The first scene shows Nick Adams (Yuli Fait) observing two gangsters (Valentin Vinogradov and Vadim Novikov) in black coats and black hats entering a small-town diner where Adams is eating. They tell the owner, George (Aleksandr Gordon), that they are searching for the boxer Ole Andreson and that they want to kill him. They tie up Nick Adams and Sam the cook, and wait for Ole Andreson to appear. Three customers enter the restaurant and are sent away by George.

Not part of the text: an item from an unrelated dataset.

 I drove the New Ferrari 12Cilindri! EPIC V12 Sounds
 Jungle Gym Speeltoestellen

One of the customers is played by Tarkovsky, who whistles "Lullaby of Birdland".

The second scene shows Nick Adams visiting Ole Andreson (Vasily Shukshin) in his hide-out, a small room. He warns Andreson about the two gangsters, but Andreson is resigned to his fate and unwilling to flee.

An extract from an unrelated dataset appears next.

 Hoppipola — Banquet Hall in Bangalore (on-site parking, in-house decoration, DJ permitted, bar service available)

The third scene shows Adams returning to the diner and informing the owner of Andreson's decision.

==Cast==
- Yuli Fait as Nick Adams
- Aleksandr Gordon as George
- Valentin Vinogradov as Al
- Vadim Novikov as Max
- Yuri Dubrovin as 1st Customer
- Andrei Tarkovsky as 2nd Customer
- Vasily Shukshin as Ole Andreson
- Ermengeld Konovalov as Sam the cook

==Production==
Students were required to work on films in groups of two or threes due to a lack of equipment at the film school VGIK. Andrei Tarkovsky and Aleksandr Gordon asked Marika Beiku to work with them. The idea for adapting Ernest Hemingway's short story was Tarkovsky's. All roles were played by students of the VGIK, and the camera and lighting was handled by fellow students Alfredo Álvarez and Aleksandr Rybin.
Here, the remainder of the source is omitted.